BOOK EIGHT
Whether brute animals know friendship or enmity.
How the types of animal vary," etc. In this eighth book the Philosopher makes a determination regarding friendship or enmity among animals. This is why it is asked whether friendship and enmity are present in brute beasts.
1. It seems not. Those passions that surpass the sensible powers and operations are only present in those animals possessing a power that rises above sensation. But friendship and enmity surpass the sensible operations, and they are therefore not present in beasts.
2. Besides, friendship and enmity are not present in those whose operations are directed toward a single thing, because these exist with respect to multiple things.[1] But the operations of brute beasts are directed toward a single thing, because they lack reason, which is capable of opposites; for this reason, etc.
The Philosopher says the opposite.
It should be said that friendship and enmity are found in brute animals. The reason for this is that friendship consists in the perception of what is agreeable and enmity in the perception of what is harmful. But these are found in brute animals, and therefore, etc. For birds perceive that a seed is agreeable to them, and a sheep or lamb perceives that a wolf is harmful to it but that a human or a shepherd is a friend.

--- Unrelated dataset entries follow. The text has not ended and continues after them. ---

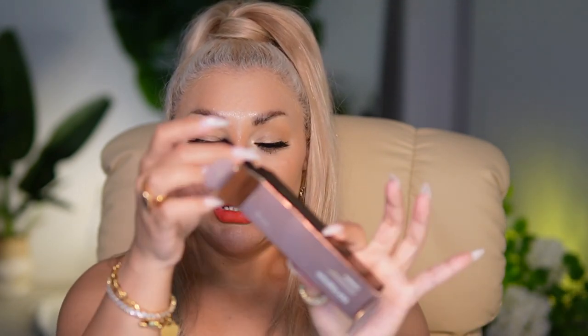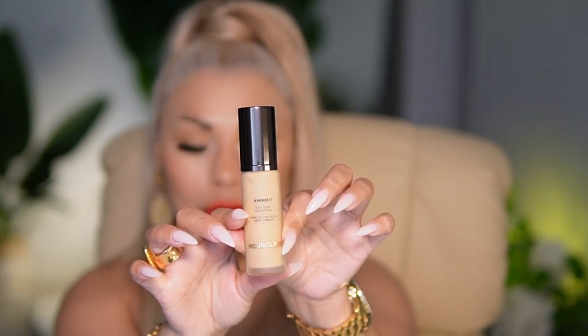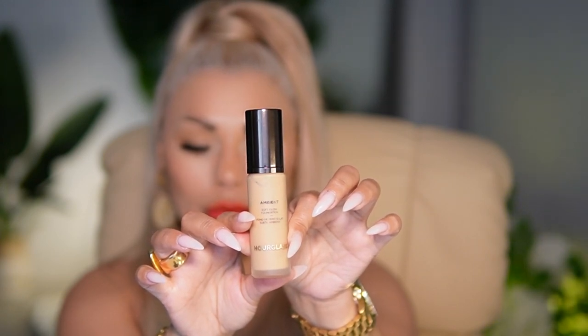This is the new Hourglass foundation. It is called Ambient Soft Glow Foundation. Color number 7 is a light medium with warm undertone. The claims that Hourglass is serving us with is a weightless liquid foundation that delivers buildable medium coverage with a light diffusing effect for up to 16 hours.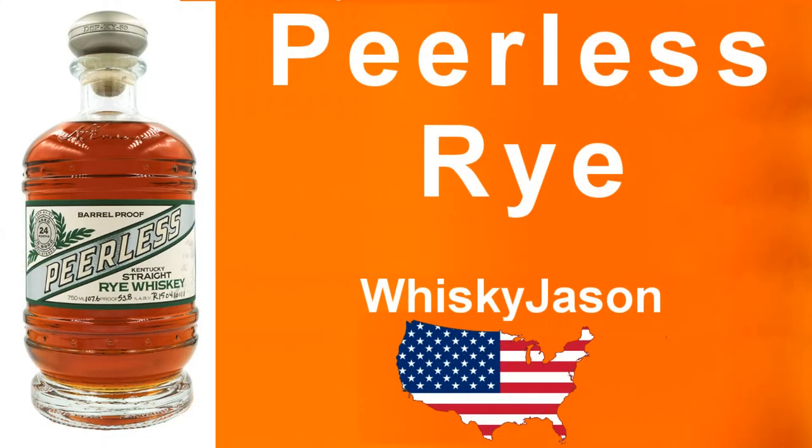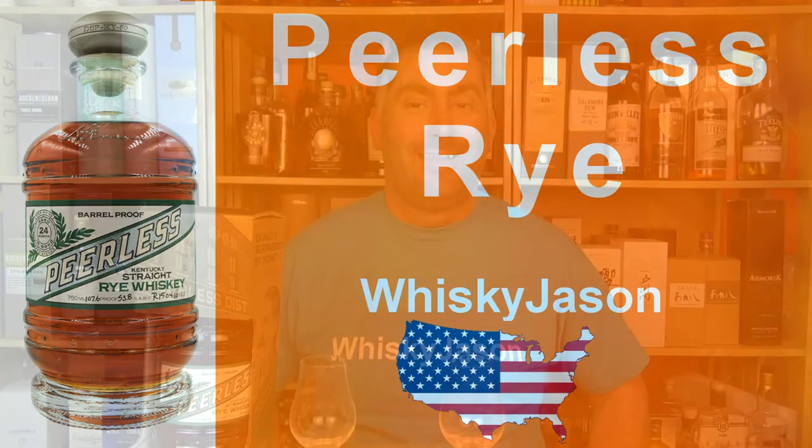The rye sweetness is so dominant. It's fantastic. Hi, Whiskey Jason here — whiskey from the viewpoint of an American in Germany.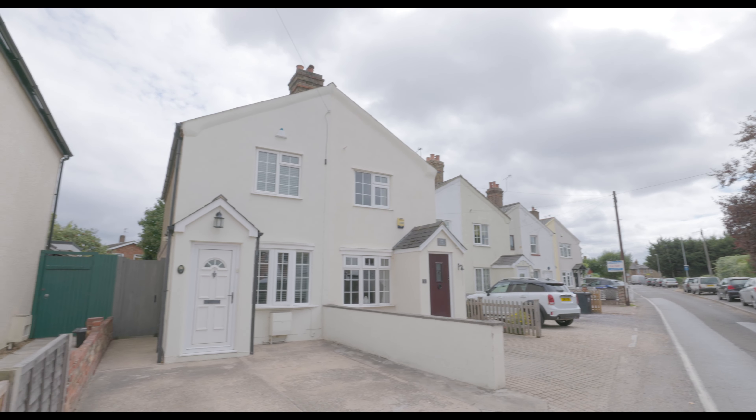Externally, the rear garden is mainly laid to lawn with a large patio area, side access through to the front of the property, a large garden shed to the rear and enjoys a high degree of privacy.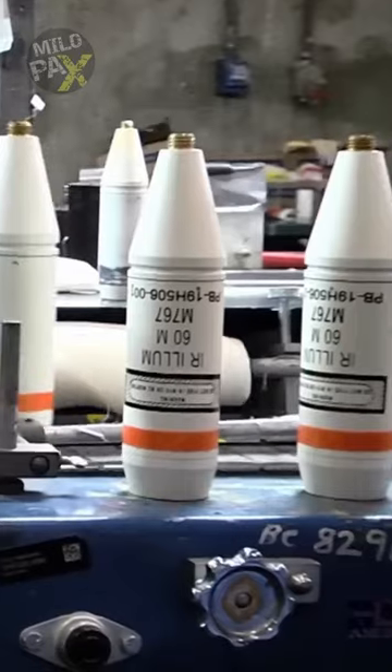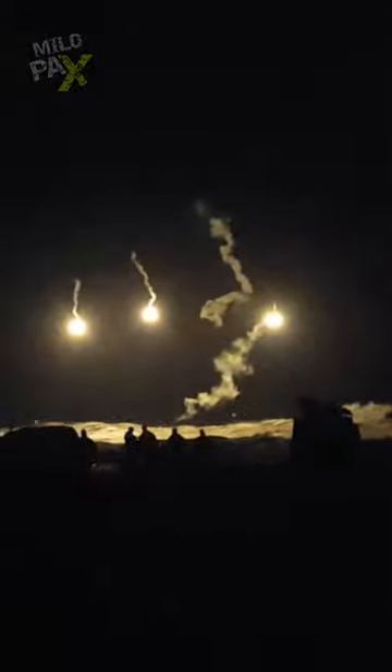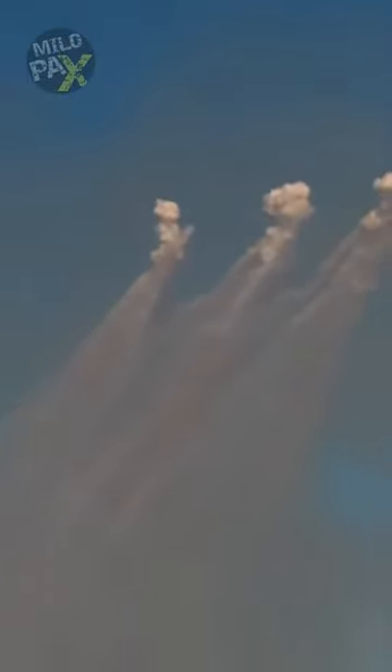Illumination shells, typically white in color, illuminate the night sky with flares, aiding targeting and surveillance during nocturnal operations. Smoke shells in vibrant orange or light gray release dense smoke upon detonation, effectively concealing visibility from enemy forces.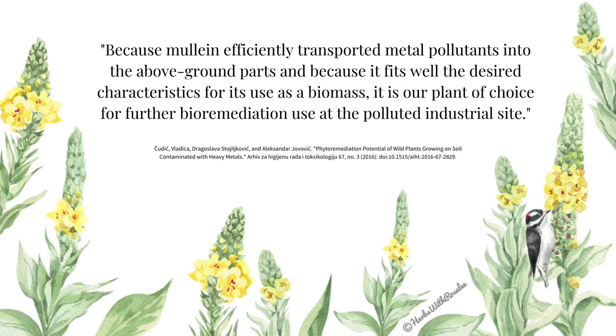Mullein is a hyper-accumulator of heavy metals, meaning it can uptake heavy metals from the earth and store them. This ability has led to some interesting research on using mullein for soil remediation. Researchers in Serbia tested five different plants for cleaning up a heavily contaminated site, concluding that because mullein efficiently transported metal pollutants into the above-ground parts and fits well the desired characteristics for use as a biomass, it is their plant of choice for further bioremediation use at the polluted industrial site. Mullein is generally regarded as safe; however, it's always important to harvest plants from healthy soils and to resist the temptation of roadside mullein plants.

1. On to the arguments. To the first argument one should respond that the sensitive power is doubleinternal and external. Sight, hearing, and the like are external; common sense and the imaginative, estimative, and recollective senses are internal. Thus, although friendship and enmity are not perceived by means of the external senses, nevertheless they are perceived by means of the estimative sense, because the estimative sense is properly perceptive of intentions undivided [from the percept], which do not fall under the purview of sense or which do not move sense per se.
2. To the second argument one must respond that although the power of brute beasts does not relate to contraries as contraries, as does reason or the will, nevertheless the power of brute animals does relate to diverse options: to one through choosing something, to another through avoidance of it.
Whether friendship and enmity are present in all brute animals.
Next one asks whether these are present in all brute animals.
1. It seems not. Friendship and enmity are not found among those in which the estimative sense is absent. But many brute beasts lack the estimative sense. For the first book of the Metaphysics says that the life of animals is ruled by sensation alone and a human's life is ruled by art and reason. Therefore, etc.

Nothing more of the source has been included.